Provided records:
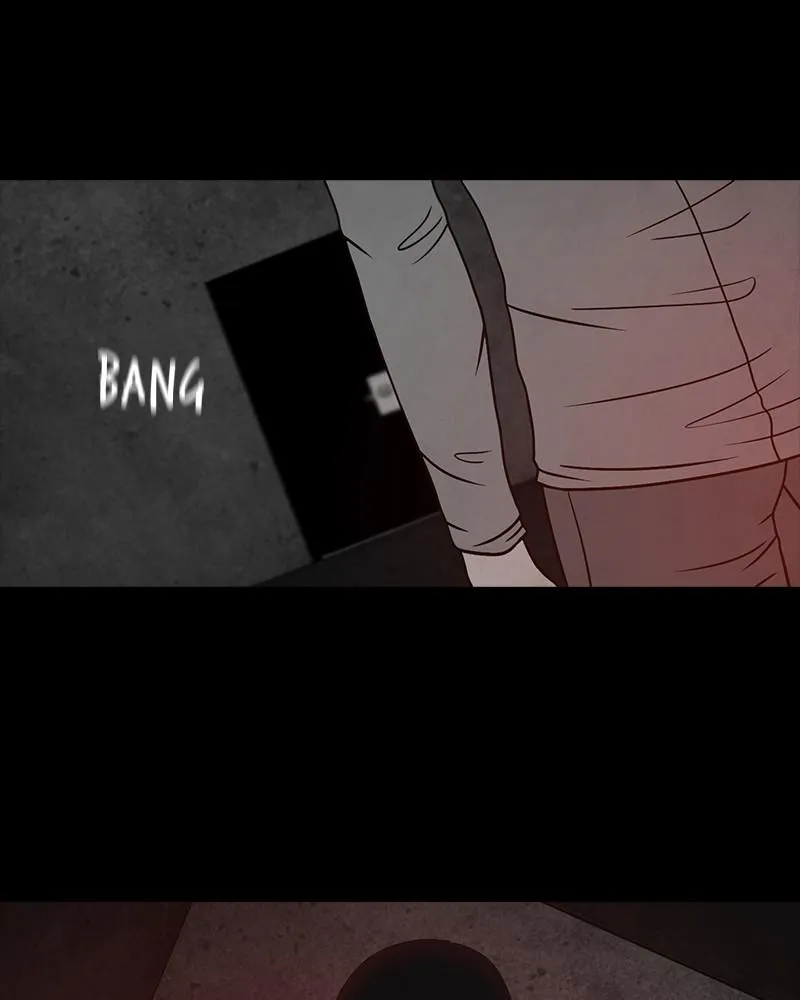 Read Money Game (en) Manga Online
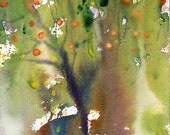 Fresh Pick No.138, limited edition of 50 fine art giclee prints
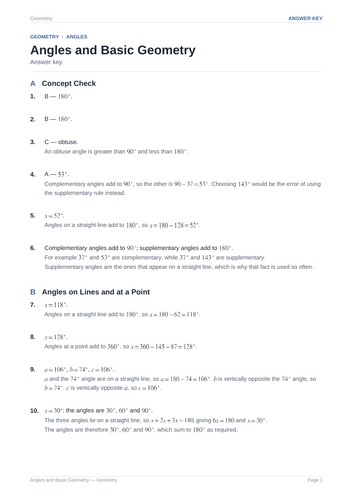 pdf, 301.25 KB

==

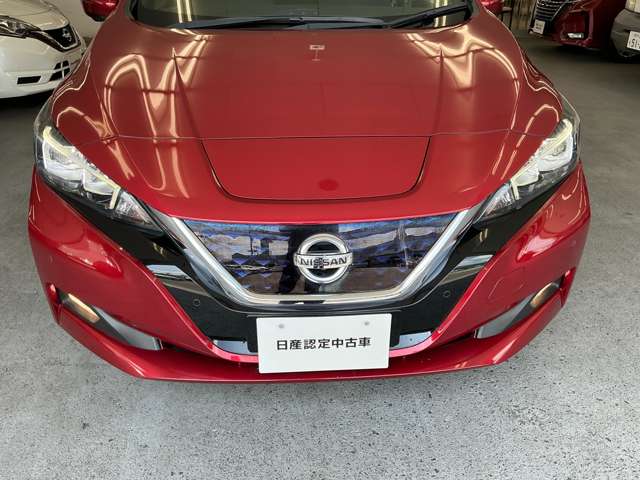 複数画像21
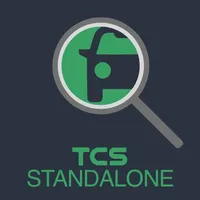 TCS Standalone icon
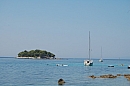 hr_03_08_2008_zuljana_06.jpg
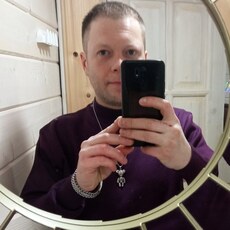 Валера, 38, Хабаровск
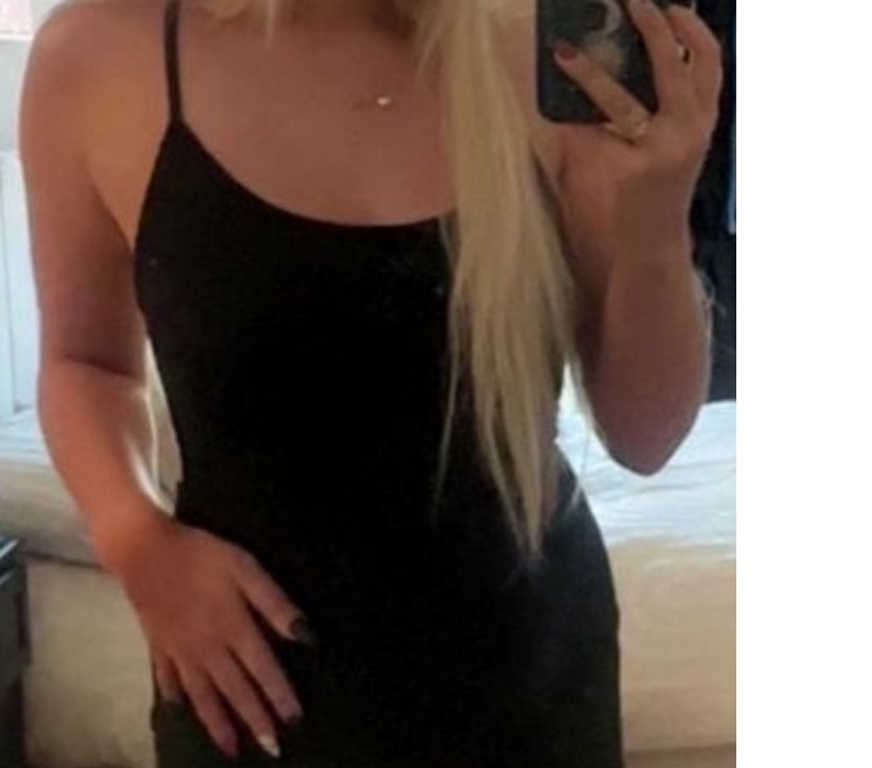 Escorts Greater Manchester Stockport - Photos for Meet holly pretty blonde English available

Exercise goal: Above are the records; return the lines in them from the one with "Fresh Pick No.138, limited" to the one with "pdf, 301.25 KB", inclusive, exactly and without images.

Expected output:
 Fresh Pick No.138, limited edition of 50 fine art giclee prints
 pdf, 301.25 KB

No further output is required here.